The problem seems to be that the behavior of approx changed. I'm using it with tuples that contain a mix of floats and None values. In 3.2.1, this worked just fine, but in 3.8.1 I get an error. Minimal example:
C:\Users\felix>python
Python 3.6.5 | packaged by conda-forge | (default, Apr 6 2018, 16:13:55) [MSC v.1900 64 bit (AMD64)] on win32
Type "help", "copyright", "credits" or "license" for more information.
>>> from pytest import approx
>>> (1, 2, None) == approx((1.000000001, 2, None))
True
C:\Users\felix>python
Python 3.7.0 (default, Jun 28 2018, 08:04:48) [MSC v.1912 64 bit (AMD64)] :: Anaconda, Inc. on win32
Type "help", "copyright", "credits" or "license" for more information.
>>> from pytest import approx
>>> (1, 2, None) == approx((1.000000001, 2, None))
Traceback (most recent call last):
File "<stdin>", line 1, in <module>
File "C:\Users\felix\AppData\Local\conda\conda\envs\py37\lib\site-packages\_pytest\python_api.py", line 528, in approx
return cls(expected, rel, abs, nan_ok)
File "C:\Users\felix\AppData\Local\conda\conda\envs\py37\lib\site-packages\_pytest\python_api.py", line 64, in __init__
self._check_type()
File "C:\Users\felix\AppData\Local\conda\conda\envs\py37\lib\site-packages\_pytest\python_api.py", line 215, in _check_typ
self.expected, at="index {}".format(index)

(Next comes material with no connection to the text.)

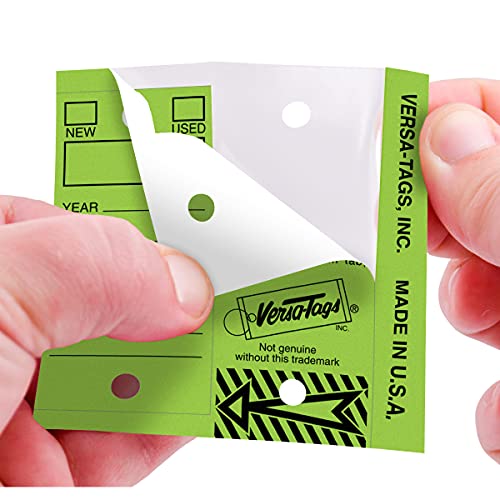 Image of Versa-Tags Lime Green Self-Protecting Key Tags with Chrome-Plated Split Rings, 1000 Count Automotive Dealership Key Tags for Car Truck RV Inventory & Service Organization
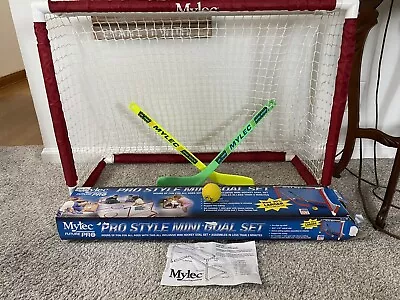 Vtg Mylec Knee Hockey / Mini Hockey 1 Net/Goal & 2 Stick And Ball Complete Set • $36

TypeError: cannot make approximate comparisons to non-numeric values: (1.000000001, 2, None) at index 2
Is this an intended change? If so, I'd like know if there's a better way to compare tuples like these.
Thanks in advance.
i beleive this was unintended, but none was not originally supposed to be supported
When dealing with sequences/mappings, I think it would be best if approx worked like this:
This would make approx work like the usual comparison of containers, except that for floats it also allows very close (but not equal) numbers. If two objects are equal, they are always also approximatively equal, and it would be nice if approx worked like this.
What do you think?
its really easy to go wrong there by allowing too much or too little,
we should prepare an exemplar test for the desired behavior and enable it
its really tricky to properly declare the type-matching behavior, since "numeric collections" are required to approximate as well as quasi-numbers, even integers
I'm surprised approx supports sequences at all! Also it seems broken, it completely discards the type:
import pytest
def f_under_test():
return (1, 2, 3)
def test():
# expected an assertion error, the lhs is a tuple, the rhs is a list
assert f_under_test() == pytest.approx([1, 2, 3.0000001])
$ pytest t.py
============================= test session starts ==============================
platform linux -- Python 3.6.5, pytest-3.8.2, py-1.6.0, pluggy-0.7.1
rootdir: /tmp/t, inifile:
collected 1 item
t.py . [100%]
=========================== 1 passed in 0.02 seconds ===========================
if it were me, I'd completely deprecate anything but numbers being allowed as an argument to approx
approx has a collections concept that is fuzzy, we should put a better lens on it there
if it were me, I'd completely deprecate anything but numbers being allowed as an argument to approx
I disagree, being able to compare sequence of numbers using approx is very useful.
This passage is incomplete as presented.